Love my geeky wacky buddies

Hung out with two friends of mine on Friday night.

Went to see an awesome play: Old Goriot, by the master of realism Honore de Balzac. Play was funny, complex, and depressing at the same time. Dealt with the ambitions of a young man trying to enter the “fashionable Paris” with whatever means he could. Dealt with a convict who despise the pretense and fakeness of supposed virtues, and believe only in his own ends. Dealt with a father who spoiled his daughters to such a degree that he exclaimed: “it’s my fault! I taught them to shit on me!” before his lonely, miserable death.

But equally fascinating was the conversations the three of us had.

At dinner we talked about the play, moved onto the ancient styles of literature, to the ancient form of Chinese writing, which linked to Confucius and Socrates, and the Chinese education system and the weight of ancient wisdom that we are expected to carry.

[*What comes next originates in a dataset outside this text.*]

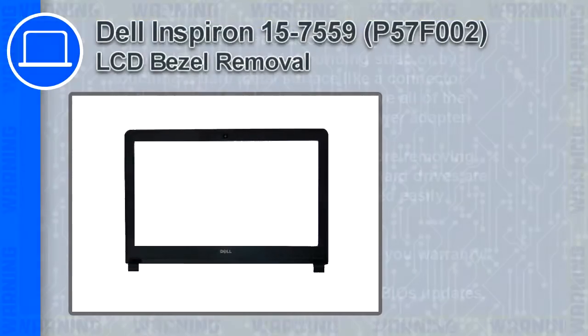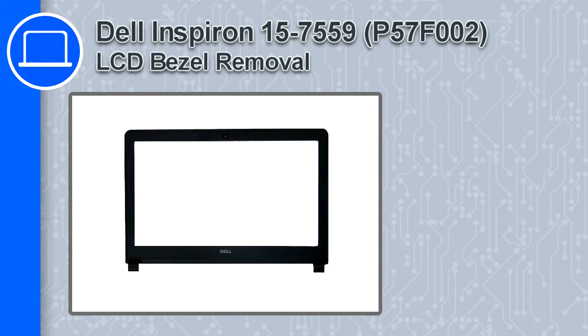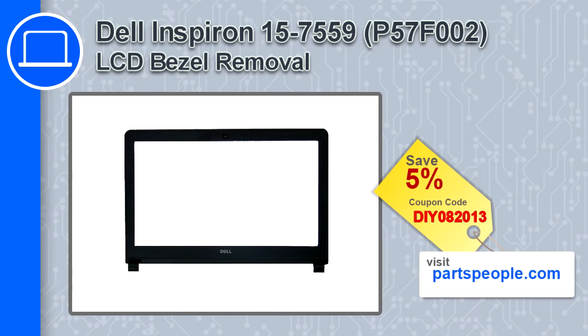What's up, this is Ricardo, and in this video I'll show you how to remove the LCD bezel from a Dell Inspiron 15 version 75-59. If you're looking for parts for this laptop, go to our website and use this coupon for a 5% off discount.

On our way to the theatre, moved onto the ultimate capacity of Earth for humans, to which I suggest a few parameters that are impossible to break with any level of technology conceivable: amount of drinking water, usable land area, energy. Then moved onto discussion of nuclear energy, where it came from, how heavy elements were formed. That killed the conversation for a bit.

Before the play started, talked about real and natural numbers, infinity, and how our sitting in the first row will affect our visual field.

After the play we talked about literature, discussed the characters in the play, our own interest in writing, and called for another enjoyable night before we parted.

That, is cool.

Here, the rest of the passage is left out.